Additional information in cloudnet plots/figures

actris-cloudnet / cloudnetpy

Python package for Cloudnet data processing

MIT License

36 stars 27 forks source link

Additional information in cloudnet plots/figures #88

Closed spirrobe closed 1 year ago

spirrobe commented 1 year ago

Hi, it's me, again. :-)

Due to the creation of many cloudnet plots for side-by-side comparison with different radars, I started adding some extra information:

a copyright notice in the bottom left with the time of creation of the figure
A small info box from which device(s) the data in the plot are taken by looking at the source attribute in the netCDFs and when none is available to assume it's from all of them, i.e. the global source attribute. I would love to have the serial number of the device in there too, but it is not readily available from for example the RPG FMCWs and would require more changes

A caveat is the rather arbitrary hardcoded positioning that is a result of the change tight_layout implements on matplotlib figures and any better approach would be appreciated. Would you be interested in a PR adding this functionality? Both would be off by default in cloudnetpy/plotting/plotting.py to not change the current functionality.

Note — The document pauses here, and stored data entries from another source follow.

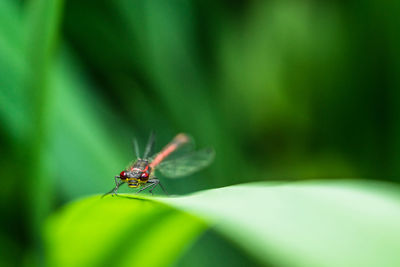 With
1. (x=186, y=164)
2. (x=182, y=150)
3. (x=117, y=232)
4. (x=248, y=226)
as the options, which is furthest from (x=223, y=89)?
(x=248, y=226)

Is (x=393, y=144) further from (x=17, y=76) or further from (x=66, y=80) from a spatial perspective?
(x=17, y=76)

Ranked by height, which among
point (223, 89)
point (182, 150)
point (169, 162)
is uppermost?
point (223, 89)

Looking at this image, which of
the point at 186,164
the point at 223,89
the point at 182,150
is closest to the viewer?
the point at 186,164

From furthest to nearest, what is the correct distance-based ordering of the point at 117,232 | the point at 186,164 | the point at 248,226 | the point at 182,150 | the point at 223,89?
the point at 223,89 < the point at 182,150 < the point at 186,164 < the point at 117,232 < the point at 248,226

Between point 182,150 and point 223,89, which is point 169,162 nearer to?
point 182,150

Some example plots are attached for illustration 20230228_lwp 20230228_target_classification_detection_status 20230228_Z_lwp_beta

20230228_beta

siiptuo commented 1 year ago

Hi, it's me, again. :-)

Ideas and feedback are always welcome!

I would love to have the serial number of the device in there too, but it is not readily available from for example the RPG FMCWs and would require more changes

CloudnetPy tries to write serial_number global attribute where possible. This should be available in CL61, CHM15k and PollyXT.

In Cloudnet data portal we identify instruments with instrument PIDs such as https://hdl.handle.net/21.12132/3.90b1e5245b11487d. This is handled outside of CloudnetPy but instrument_pid global attribute can be found in files downloaded from the data portal.

Would you be interested in a PR adding this functionality? Both would be off by default in cloudnetpy/plotting/plotting.py to not change the current functionality.

Yes, these sound like useful additions! I agree these changes should be off by default as we're using the plotting routines in production.

spirrobe commented 1 year ago

Great, I'll start the PR tomorrow. I see the serial_number in the chm15k cloudnet file that we create but this does not get passed on to cat/class cloudnet files and as such gets "lost" along the way. I think it would be great to be able to add this via meta dict for those devices where the raw file does not have this info (or potentially to overwrite it) and then have this either

added to the source attr of the relevant timeseries of the cat/class file, e.g. chm1k SN to beta, mwr SN to lwp in the form " (SN: XXXX)" This would tie in nicely with this extension of plotting and add that information automatically without further plotting related PR
added as seperate attr which would keep type of device and SN seperate and more atomic, but would mean that I would add this again to the plotting when the SN is implemented. (my pref despite more work)
Other preference?

Would you approve of this in general, and which path would you prefer?

siiptuo commented 1 year ago

Yes, passing the instrument serial numbers in the metadata would be useful.

added as seperate attr which would keep type of device and SN seperate and more atomic, but would mean that I would add this again to the plotting when the SN is implemented. (my pref despite more work)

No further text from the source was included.